Learning, addressing needs
Diocesan priests have been resourceful in meeting workers’ various pastoral and sacramental needs. Initial efforts focused on understanding their needs.
In the 1970s, Father Ricardo Seidel, a native of Peru, born of German immigrants, traveled across Virginia serving migrants working on tobacco farms, orchards and vegetable farms in southern, central and eastern counties. As the ministry developed, mastering the migrants’ languages became a requirement for the ministry’s priests.
Beginning in the 1990s, the diocese prepared lay people to serve as ministers. Jim Albright, a Spanish-speaker, was the first lay coordinator of the diocese’s migrant ministries on the Eastern Shore and around Danville. He organized the ministry’s main services, supporting Spanish-speaking seminarians recruited from Florida dioceses.
During the 1990s, Albright and the seminarians provided indispensable assistance to migrant workers seeking political asylum in the United States in the aftermath of decade-long civil wars in Guatemala, El Salvador and Honduras.
Around 2001, Kathy Bredimus and Shirley Hirsch succeeded Albright as ministry coordinators.
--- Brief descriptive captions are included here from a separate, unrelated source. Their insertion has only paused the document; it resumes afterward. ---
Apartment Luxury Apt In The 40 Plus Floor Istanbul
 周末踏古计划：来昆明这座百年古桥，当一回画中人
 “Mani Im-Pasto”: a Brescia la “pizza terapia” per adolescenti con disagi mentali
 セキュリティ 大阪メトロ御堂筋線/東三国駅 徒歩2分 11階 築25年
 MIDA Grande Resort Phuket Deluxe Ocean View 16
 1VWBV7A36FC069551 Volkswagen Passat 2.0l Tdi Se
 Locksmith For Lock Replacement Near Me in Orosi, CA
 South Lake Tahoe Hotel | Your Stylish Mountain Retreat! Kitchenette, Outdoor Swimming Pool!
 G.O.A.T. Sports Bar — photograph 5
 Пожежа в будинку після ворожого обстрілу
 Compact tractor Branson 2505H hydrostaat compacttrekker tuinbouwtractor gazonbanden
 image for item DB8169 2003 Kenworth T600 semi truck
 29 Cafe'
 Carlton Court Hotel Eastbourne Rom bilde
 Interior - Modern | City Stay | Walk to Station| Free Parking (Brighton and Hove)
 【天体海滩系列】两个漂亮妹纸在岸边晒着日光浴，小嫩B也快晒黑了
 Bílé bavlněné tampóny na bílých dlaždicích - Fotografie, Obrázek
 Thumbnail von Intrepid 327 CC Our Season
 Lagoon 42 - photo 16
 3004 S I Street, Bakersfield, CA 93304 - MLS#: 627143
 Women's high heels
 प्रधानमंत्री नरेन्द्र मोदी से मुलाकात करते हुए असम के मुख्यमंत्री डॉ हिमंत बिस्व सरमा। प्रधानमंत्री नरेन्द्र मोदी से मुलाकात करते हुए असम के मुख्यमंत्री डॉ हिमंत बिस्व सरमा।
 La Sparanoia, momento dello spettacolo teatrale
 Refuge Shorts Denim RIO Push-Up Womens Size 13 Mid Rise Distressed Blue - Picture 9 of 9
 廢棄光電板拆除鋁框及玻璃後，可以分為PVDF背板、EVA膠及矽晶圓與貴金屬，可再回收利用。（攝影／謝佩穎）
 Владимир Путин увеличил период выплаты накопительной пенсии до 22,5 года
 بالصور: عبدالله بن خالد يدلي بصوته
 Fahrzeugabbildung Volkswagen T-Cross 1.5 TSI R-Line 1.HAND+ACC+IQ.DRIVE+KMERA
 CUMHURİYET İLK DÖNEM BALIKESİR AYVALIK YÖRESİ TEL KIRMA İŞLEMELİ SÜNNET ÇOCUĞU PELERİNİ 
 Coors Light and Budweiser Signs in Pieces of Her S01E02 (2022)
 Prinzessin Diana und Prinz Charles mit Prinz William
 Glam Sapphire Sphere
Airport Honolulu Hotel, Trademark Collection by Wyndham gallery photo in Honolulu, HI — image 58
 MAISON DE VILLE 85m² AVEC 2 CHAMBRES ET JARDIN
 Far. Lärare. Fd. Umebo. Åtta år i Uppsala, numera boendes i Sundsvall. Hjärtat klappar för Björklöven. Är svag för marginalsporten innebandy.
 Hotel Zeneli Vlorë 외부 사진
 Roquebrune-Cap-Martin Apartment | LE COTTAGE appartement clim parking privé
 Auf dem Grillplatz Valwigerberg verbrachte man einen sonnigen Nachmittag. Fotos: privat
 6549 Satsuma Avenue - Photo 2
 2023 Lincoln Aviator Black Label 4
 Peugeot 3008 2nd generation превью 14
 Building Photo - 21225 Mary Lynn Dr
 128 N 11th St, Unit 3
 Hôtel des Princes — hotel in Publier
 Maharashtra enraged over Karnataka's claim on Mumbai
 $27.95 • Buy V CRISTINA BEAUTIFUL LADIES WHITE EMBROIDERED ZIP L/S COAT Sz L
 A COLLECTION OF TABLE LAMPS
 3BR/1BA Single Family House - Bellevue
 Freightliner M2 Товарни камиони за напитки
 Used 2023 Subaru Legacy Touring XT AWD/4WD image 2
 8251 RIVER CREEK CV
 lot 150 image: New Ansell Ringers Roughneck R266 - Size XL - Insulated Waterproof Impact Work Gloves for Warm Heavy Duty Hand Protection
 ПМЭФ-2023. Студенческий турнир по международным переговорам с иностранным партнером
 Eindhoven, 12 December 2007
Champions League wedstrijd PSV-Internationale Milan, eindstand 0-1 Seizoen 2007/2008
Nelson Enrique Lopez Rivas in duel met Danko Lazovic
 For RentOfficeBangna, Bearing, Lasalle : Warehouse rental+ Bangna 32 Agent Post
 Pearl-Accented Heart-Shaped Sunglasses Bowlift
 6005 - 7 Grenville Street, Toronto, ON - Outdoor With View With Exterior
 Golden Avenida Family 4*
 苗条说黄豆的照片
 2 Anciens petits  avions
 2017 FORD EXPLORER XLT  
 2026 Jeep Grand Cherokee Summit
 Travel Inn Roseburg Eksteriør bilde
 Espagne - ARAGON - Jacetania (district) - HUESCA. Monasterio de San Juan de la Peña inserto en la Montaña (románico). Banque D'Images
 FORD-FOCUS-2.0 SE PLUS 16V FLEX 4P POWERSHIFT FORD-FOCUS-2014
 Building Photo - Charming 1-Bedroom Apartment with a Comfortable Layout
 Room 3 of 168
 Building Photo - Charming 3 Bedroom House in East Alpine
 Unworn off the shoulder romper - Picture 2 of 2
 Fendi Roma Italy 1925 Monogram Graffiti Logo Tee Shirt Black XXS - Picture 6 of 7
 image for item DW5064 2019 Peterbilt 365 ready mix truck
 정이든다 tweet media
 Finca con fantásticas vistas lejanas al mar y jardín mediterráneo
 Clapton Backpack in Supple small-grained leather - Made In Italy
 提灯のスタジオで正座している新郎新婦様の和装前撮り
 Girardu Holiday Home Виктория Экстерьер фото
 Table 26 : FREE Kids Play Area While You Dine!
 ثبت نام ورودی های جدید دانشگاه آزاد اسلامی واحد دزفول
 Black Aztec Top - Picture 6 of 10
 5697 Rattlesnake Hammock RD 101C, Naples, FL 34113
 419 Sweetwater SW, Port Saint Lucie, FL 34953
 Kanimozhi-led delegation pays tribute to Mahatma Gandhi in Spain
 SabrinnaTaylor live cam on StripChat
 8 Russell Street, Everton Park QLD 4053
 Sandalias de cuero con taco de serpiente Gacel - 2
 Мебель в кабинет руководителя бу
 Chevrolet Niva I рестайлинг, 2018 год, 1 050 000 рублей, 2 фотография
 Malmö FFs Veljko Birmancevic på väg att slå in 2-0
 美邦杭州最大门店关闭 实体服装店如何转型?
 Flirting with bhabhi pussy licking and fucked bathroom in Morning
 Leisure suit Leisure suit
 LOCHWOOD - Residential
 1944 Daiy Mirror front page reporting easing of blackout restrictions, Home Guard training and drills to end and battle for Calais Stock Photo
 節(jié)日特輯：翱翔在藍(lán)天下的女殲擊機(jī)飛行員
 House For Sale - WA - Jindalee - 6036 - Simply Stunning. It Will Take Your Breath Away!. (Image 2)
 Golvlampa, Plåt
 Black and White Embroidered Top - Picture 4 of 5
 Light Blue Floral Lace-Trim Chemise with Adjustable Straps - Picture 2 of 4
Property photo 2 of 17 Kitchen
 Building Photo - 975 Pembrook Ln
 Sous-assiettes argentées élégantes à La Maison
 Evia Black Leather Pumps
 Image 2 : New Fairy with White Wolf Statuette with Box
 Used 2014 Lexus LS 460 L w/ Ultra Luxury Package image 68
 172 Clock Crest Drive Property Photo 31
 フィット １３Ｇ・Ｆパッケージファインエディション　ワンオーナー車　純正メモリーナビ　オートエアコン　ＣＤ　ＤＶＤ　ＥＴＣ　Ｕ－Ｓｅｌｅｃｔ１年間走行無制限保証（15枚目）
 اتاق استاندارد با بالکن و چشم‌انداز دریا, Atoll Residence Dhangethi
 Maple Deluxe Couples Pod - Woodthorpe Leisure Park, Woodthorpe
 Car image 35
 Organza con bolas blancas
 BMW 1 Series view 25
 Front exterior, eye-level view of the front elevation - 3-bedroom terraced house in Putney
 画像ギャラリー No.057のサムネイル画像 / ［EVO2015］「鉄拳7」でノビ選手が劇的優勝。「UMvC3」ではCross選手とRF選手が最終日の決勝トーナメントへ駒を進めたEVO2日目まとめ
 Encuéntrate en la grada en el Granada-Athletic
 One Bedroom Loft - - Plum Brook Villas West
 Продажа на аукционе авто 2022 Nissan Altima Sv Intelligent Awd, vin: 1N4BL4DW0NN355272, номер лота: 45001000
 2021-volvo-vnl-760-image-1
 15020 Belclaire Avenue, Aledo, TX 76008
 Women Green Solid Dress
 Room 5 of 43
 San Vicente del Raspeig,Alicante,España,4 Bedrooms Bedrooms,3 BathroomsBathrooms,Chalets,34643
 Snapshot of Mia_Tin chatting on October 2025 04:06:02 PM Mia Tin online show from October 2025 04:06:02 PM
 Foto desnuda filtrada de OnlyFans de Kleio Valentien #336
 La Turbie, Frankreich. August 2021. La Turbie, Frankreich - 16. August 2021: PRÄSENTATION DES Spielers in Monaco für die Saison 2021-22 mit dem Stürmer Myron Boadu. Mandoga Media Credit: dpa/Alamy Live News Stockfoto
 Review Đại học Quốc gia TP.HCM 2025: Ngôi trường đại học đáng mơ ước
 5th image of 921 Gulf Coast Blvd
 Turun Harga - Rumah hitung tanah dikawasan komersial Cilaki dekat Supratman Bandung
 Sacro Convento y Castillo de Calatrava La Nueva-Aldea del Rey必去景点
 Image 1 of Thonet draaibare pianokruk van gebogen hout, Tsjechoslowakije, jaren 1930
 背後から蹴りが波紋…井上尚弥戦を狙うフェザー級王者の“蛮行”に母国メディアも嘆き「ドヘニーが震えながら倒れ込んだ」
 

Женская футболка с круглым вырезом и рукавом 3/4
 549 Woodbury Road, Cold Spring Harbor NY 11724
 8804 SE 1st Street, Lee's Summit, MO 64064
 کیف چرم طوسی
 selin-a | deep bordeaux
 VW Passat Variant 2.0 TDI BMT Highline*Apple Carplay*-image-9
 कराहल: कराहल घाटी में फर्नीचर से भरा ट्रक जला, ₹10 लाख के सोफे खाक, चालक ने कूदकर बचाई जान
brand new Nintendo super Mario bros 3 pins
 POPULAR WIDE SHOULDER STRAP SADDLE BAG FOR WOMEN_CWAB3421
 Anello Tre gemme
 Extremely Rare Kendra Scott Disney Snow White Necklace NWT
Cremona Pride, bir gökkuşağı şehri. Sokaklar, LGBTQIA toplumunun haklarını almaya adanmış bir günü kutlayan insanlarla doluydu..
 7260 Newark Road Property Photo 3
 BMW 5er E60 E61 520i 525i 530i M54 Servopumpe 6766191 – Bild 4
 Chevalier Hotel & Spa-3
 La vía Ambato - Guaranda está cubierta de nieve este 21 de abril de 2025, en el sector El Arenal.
They invited other parishes to participate — most particularly young people — from Norfolk and Portsmouth and as far as Roanoke. In recent years, Spanish-speaking parishioners, such as Zuniga, who teaches catechism to migrants and helps with local transportation, have brought resources both to their parishes and to this ministry.
This ministry has transformed the lives of workers and parishioners. At the October gathering, one man recounted that 2017 had been an especially difficult year to be separated from his family.
In September, two earthquakes hit in the vicinity of his home in Central Mexico. His family survived, but many homes were destroyed, and recovery has been slow. The assurance that Father Imperial and St. Peter Parish have been praying for him and his family has given him peace and hope amidst much hardship, he said.
Faith formation and celebration
Eastern Shore priests and parishioners have also put considerable effort into dispensing the Church’s sacraments. In 2013, Father Imperial discovered that migrant families arriving in the area after periods in Florida and Georgia had not been given the opportunity to be baptized and confirmed.
Workers were told that there wasn’t sufficient time during their temporary employment to “properly prepare” them. Parish formation programs are generally offered over the course of a year.
The late Bishop Francis X. DiLorenzo enabled Father Imperial to collaborate with the diocesan chancery and develop a condensed adult formation course so that by season’s end, migrants, guided in the Church’s teachings, would be prepared to receive communion.
Perhaps because of the difficulties families have encountered gaining access to sacraments, the celebration of baptisms and confirmations is a joyous and festive occasion. In past years, workers’ families have decorated the camps, placing white balloons — signifying purity and newness — in trees.
Parishes collaborate with the camps to procure tents, tables and chairs. Around the barracks, families have grilled food for parish visitors.
Some parishioners have struggled to overcome certain barriers, including language, to bond with individuals from different backgrounds. To that end, through migrant ministry, Spanish-speakers have discovered an opportunity to share in the work of the parish.
They have conducted catechesis for migrant families and have contributed to their adoptive parishes’ hospitality. In turn, their fellow parishioners have responded warmly. St. Peter Parish has united around various shared goals, most particularly the building of a new church — dedicated in December 2017.